A stiffer rebound adjustment WILL change the transient balance of a car.

Springs and sway bars help define the steady-state balance. Shock absorbers (let's call 'em "dampers", because this Briticism actually describes them better) are said to affect this balance in transitional moves. The effect of dampers diminishes to zero as the vehicle stabilizes in a steady state of cornering on a perfectly flat and round skid pad. But the effect is profound while the car is beginning to lean, before it reaches its steady-state body roll.

To understand how a change in rebound adjustment changes transient balance, it helps to compare how dampers work in transients to how sway bars work in both transient balance and steady-state balance.

Simply put, the rebound action of the damper does (in transients) HALF of what a sway bar does (in all cornering).

Here's the short explanation of how a sway bar (anti-roll bar is a more accurate description) works: "The sway bar pulls up on the inside wheel." That's it.

As the outside wheel is pushed up into the body by cornering forces, the sway bar rotates up. The inside end of the sway bar then tries to pull up the inside wheel. The stiffer the sway bar, the harder it tries to lift the inside wheel. This works AGAINST the inside spring which was HELPING the car to roll. The force of the sway bar is split evenly between opposing the inside spring and helping the outside spring.

Thus, in a corner, the sway bar adds weight to the outside tire patch and subtracts weight from the inside tire patch. The degree to which it does this for a given amount of body lean depends on the stiffness of the sway bar. Manipulating the relationships among these corner weights is how cornering balance is tuned. The end of the car that shares the weight more evenly between the right and left tires is the end that gets more stick.

The characteristics of dampers work (in transients) like a sway bar, but the compression and rebound effects can be different on each side, because they are not connected across the car like a sway bar. You could say they split up the job of dynamic roll resistance.

In a transient (like the turn-in to a corner), body roll is increasing in one direction. The compression characteristic of the outside damper adds weight to the outside tire patch. The rebound characteristic of the inside damper subtracts weight from the inside tire patch.

Now we finally come to how a stiffer rebound adjustment will change the transient balance of a car. Say you have a car that has been tuned to have a neutral steady-state cornering balance. Say it has all for dampers set full soft. You want it to turn in better. The dampers are only adjustable for rebound stiffness. You leave the front dampers full soft and set the rears at full hard. The damper on the outside rear still has the same characteristic in compression.
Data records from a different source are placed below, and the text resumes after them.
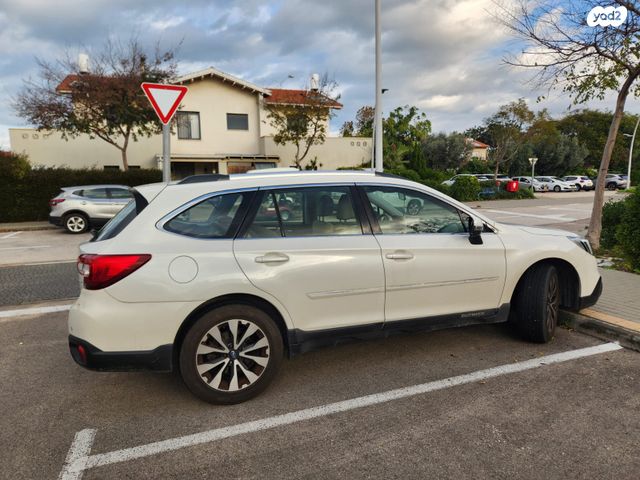 סובארו אאוטבק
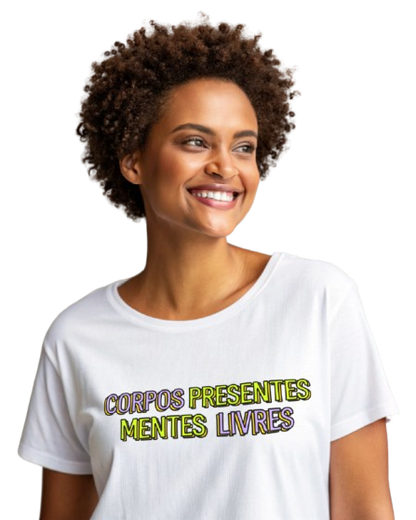 T Corpos Presentes Mentes Livres - Algodão Orgânico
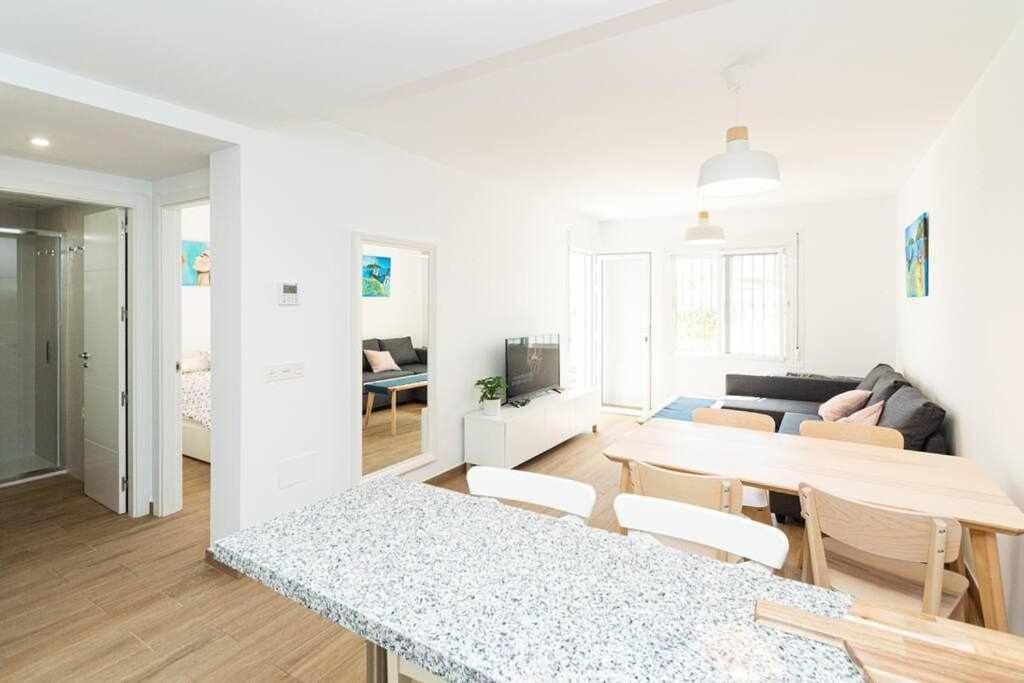 Casablanca 4 Apartamento Con Jardin Privado Fuengirola Luaran gambar
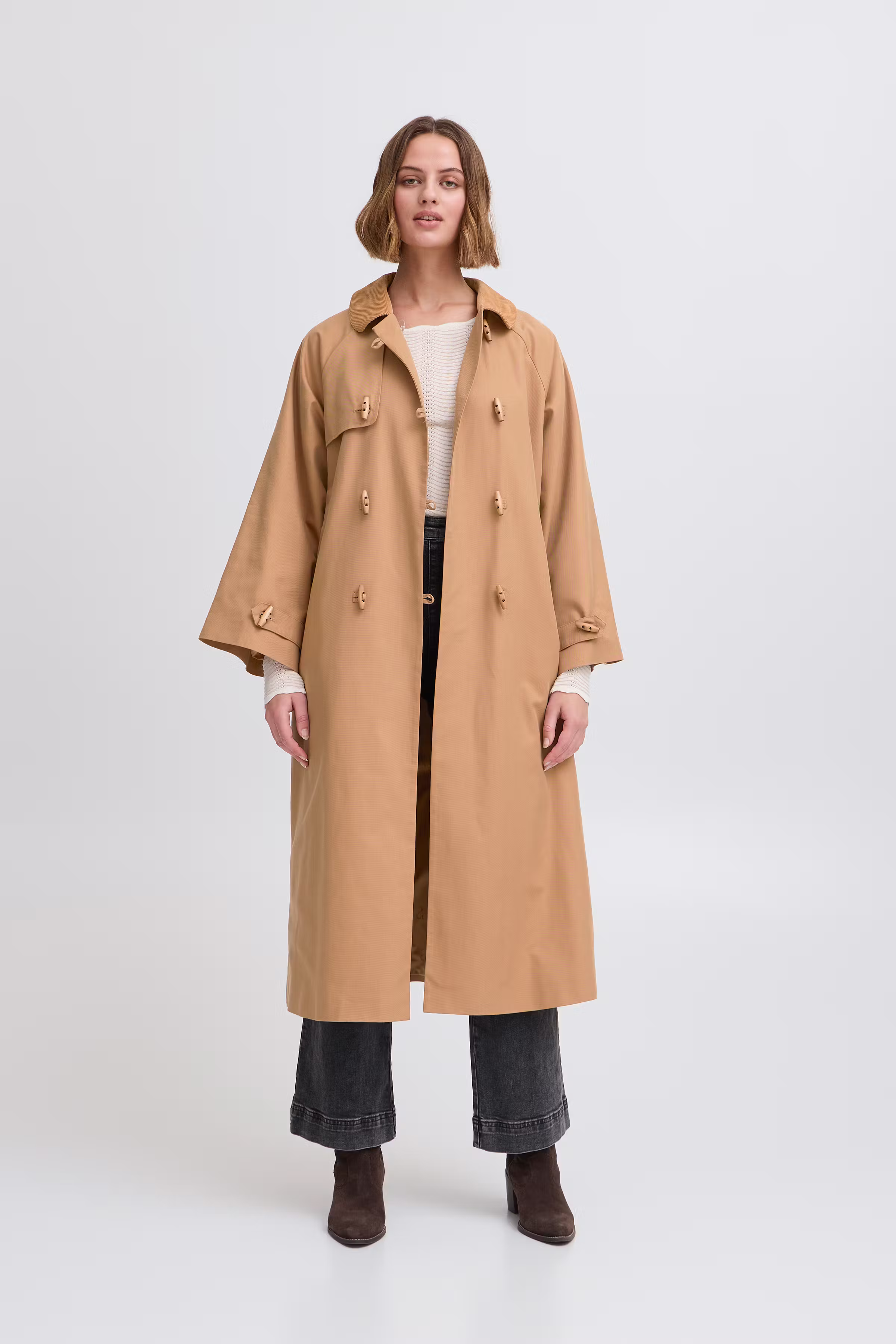 IRFIKA Outerwear LOOKBOOK FRONT 20122331-171327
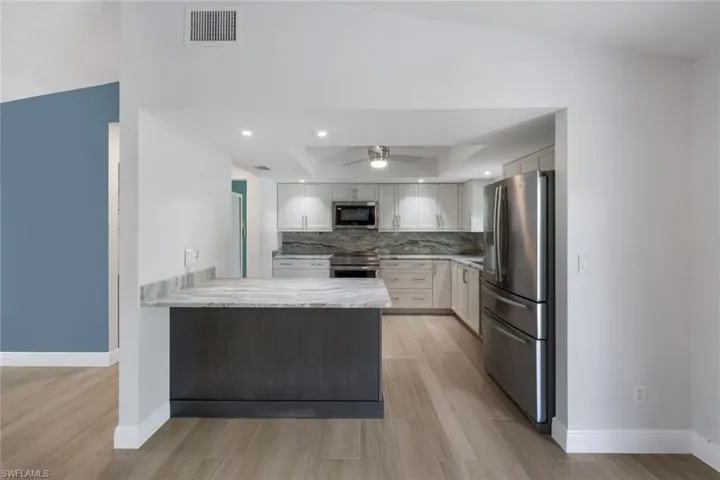 2212 Se 7th St, Cape Coral, Florida 33990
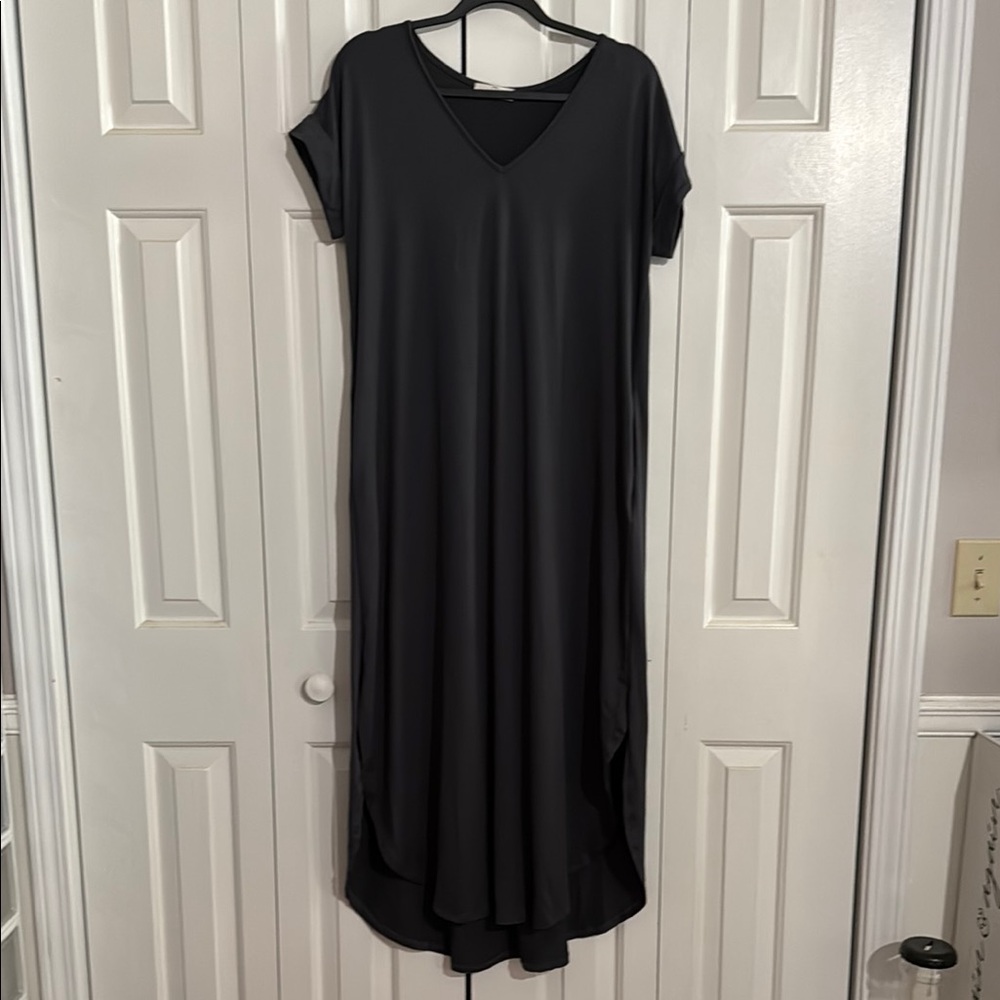 Elegant Black V-Neck Maxi Dress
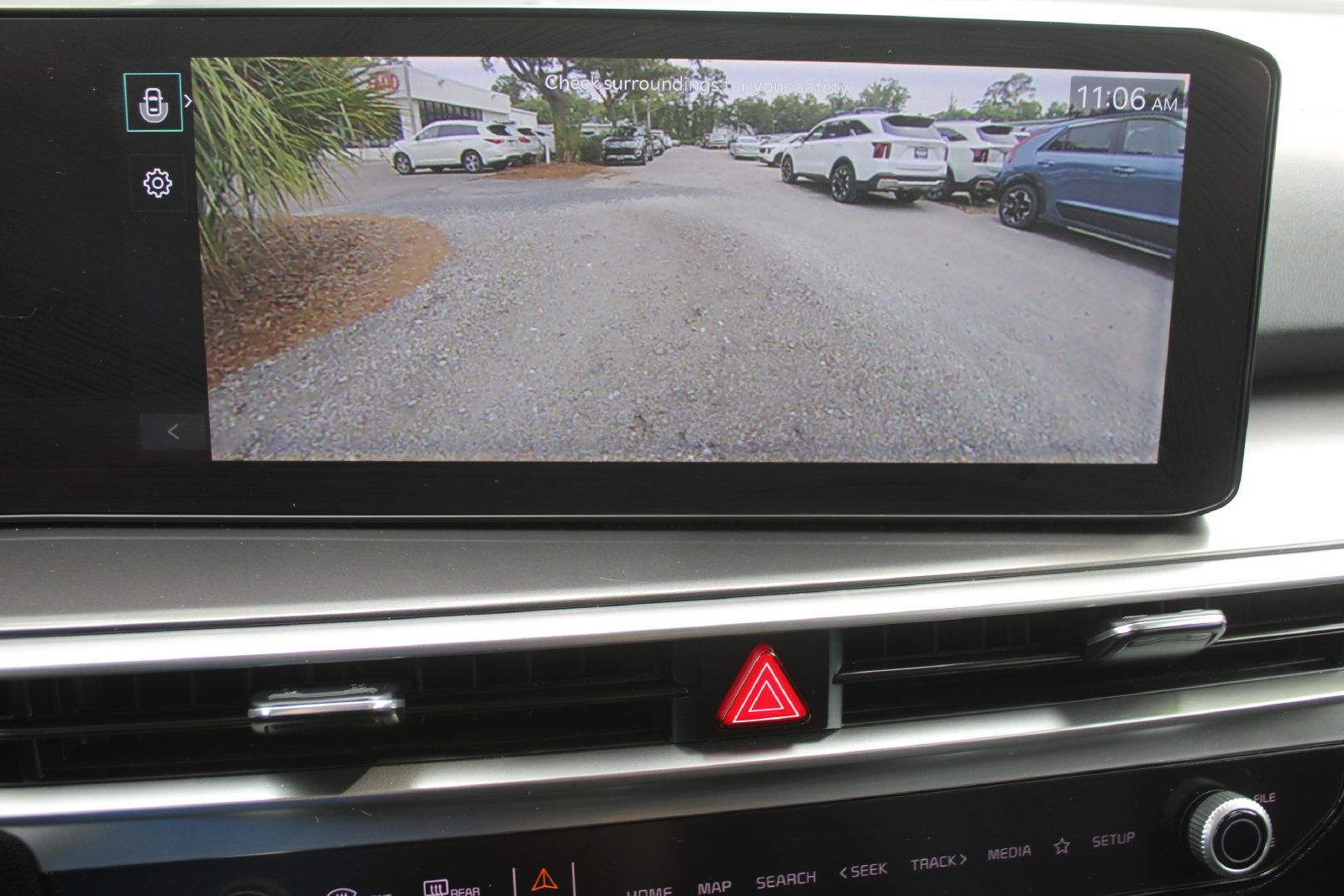 Certified 2025 Kia Sorento S FWD image 53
The damper on the inside rear has much more resistance to rebound, so it is going to attempt to pick up the inside rear wheel. This takes weight off the inside rear tire patch. This slows the rate of roll down, so the inside front damper (whose rebound characteristics have not been changed) will not be subtracting weight as quickly as before the damper adjustment was made. Since the total weight on all four tires must always remain constant on a flat smooth surface, the other tire-patch weights must rise. Since the car is not twisting in the middle, the extra weight will be shared by all three of the remaining tire patches. The front tires will be doing a better job of sharing the weights than the rear. The front will stick better and thus allow the driver to turn in quicker.

Regarding "rebound adjustment would mainly be useful to adjust for the bumpiness of a particular course." Bumps are a separate issue. Problem is, you can't separate your damper settings. Ideally, the car should be made to handle by geometry and spring rate setups, then just enough damping added to prevent bouncing around after a bump. Stock autocross rules do not allow this approach, so the art of attempting to set cornering balance with dampers was born. It calls for a lot of compromises.

This has been an explanation of one effect, taken in isolation. Autocrossing is the art of handling a car while it is under the influence of many effects simultaneously, most of them changing rapidly. When testing a car, don't change too many things at once, or you will not be able to tell which changes caused which effects.

Regarding "is the rebound stiffness the same from full compression out to full expansion?" I think it is on most dampers.

Regarding "is the compression stiffness the same from full # rebound back to full compression?" I think it is on most dampers.

Regarding, "does it only matter that the stroke is increasing for rebound stiffness and decreasing for compression stiffness?" I think that is true for most dampers. I know that it seemed that way when I have operated dampers by hand, but my arms are hardly calibrated instruments. I do know there have been some street dampers that were intentionally manufactured to have different responses at different extensions, but I don't have any experience with them nor know how common they are.

Now we come to the tricky part. The "damping rate" may indeed be the same all though the range of the damper, but that is not important from the point of view of the car. The damping rate at the tire patch is what counts. Because of the suspension geometry and the angle at which the damper is attached, the rate at the tire patch may vary. In the Europa front end, for example, the damper (and it's concentric spring) is mounted from the frame to a point on the lower control arm inboard of the ball joint. The angles of force all change depending on the deflection. The relationship between the damping rate at the damper and at the tire patch can be expressed as the ratio of

vertical movement of the tire patch relative to the chassis
---------------------------------------------------------------------
coaxial movement of the damper piston relative to the damper cylinder

How constant this ratio remains is a function of suspension design and body roll. At the front of the Europa it varies around 1.56/1 or so. At the rear, it runs about 1.16/1 and stays much more constant through the travel. I wouldn't worry about this too much though.